> [Work to complete]
Your task is to copy the lines of the data below from the line holding "Used 2026 Hyundai Venue SEL FWD video 2" through the line holding "Autumn 2025 Unisex", inclusive, exactly and with nothing added.

- Opening Delimiter -

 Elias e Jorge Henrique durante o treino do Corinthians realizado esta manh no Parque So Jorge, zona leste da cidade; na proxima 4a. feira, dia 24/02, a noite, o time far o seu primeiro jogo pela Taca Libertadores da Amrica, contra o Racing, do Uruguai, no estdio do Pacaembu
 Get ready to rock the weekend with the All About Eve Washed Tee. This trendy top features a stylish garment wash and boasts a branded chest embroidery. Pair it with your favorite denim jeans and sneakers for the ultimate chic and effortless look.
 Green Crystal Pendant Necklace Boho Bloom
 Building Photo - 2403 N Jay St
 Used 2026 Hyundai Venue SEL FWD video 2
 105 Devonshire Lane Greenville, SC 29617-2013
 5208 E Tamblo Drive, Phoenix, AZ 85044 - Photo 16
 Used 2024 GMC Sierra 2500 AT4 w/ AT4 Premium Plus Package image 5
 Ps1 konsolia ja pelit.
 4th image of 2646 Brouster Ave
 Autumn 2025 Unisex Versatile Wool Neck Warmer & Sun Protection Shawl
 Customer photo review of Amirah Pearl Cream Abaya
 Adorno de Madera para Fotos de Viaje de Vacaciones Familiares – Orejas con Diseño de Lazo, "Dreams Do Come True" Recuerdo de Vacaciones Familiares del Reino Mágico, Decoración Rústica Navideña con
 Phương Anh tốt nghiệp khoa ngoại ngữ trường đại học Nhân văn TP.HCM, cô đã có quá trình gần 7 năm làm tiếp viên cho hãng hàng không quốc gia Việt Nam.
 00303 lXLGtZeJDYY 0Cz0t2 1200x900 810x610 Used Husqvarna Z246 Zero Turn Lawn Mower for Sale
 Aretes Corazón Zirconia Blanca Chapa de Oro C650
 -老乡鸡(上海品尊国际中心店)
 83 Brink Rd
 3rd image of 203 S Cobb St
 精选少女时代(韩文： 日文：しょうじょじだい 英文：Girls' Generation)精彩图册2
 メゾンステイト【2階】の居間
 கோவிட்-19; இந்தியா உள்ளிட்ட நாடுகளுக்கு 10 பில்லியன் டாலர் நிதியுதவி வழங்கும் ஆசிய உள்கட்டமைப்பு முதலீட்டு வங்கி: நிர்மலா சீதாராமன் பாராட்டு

- Closing Delimiter -

> [Finished task]
 Used 2026 Hyundai Venue SEL FWD video 2
 105 Devonshire Lane Greenville, SC 29617-2013
 5208 E Tamblo Drive, Phoenix, AZ 85044 - Photo 16
 Used 2024 GMC Sierra 2500 AT4 w/ AT4 Premium Plus Package image 5
 Ps1 konsolia ja pelit.
 4th image of 2646 Brouster Ave
 Autumn 2025 Unisex Versatile Wool Neck Warmer & Sun Protection Shawl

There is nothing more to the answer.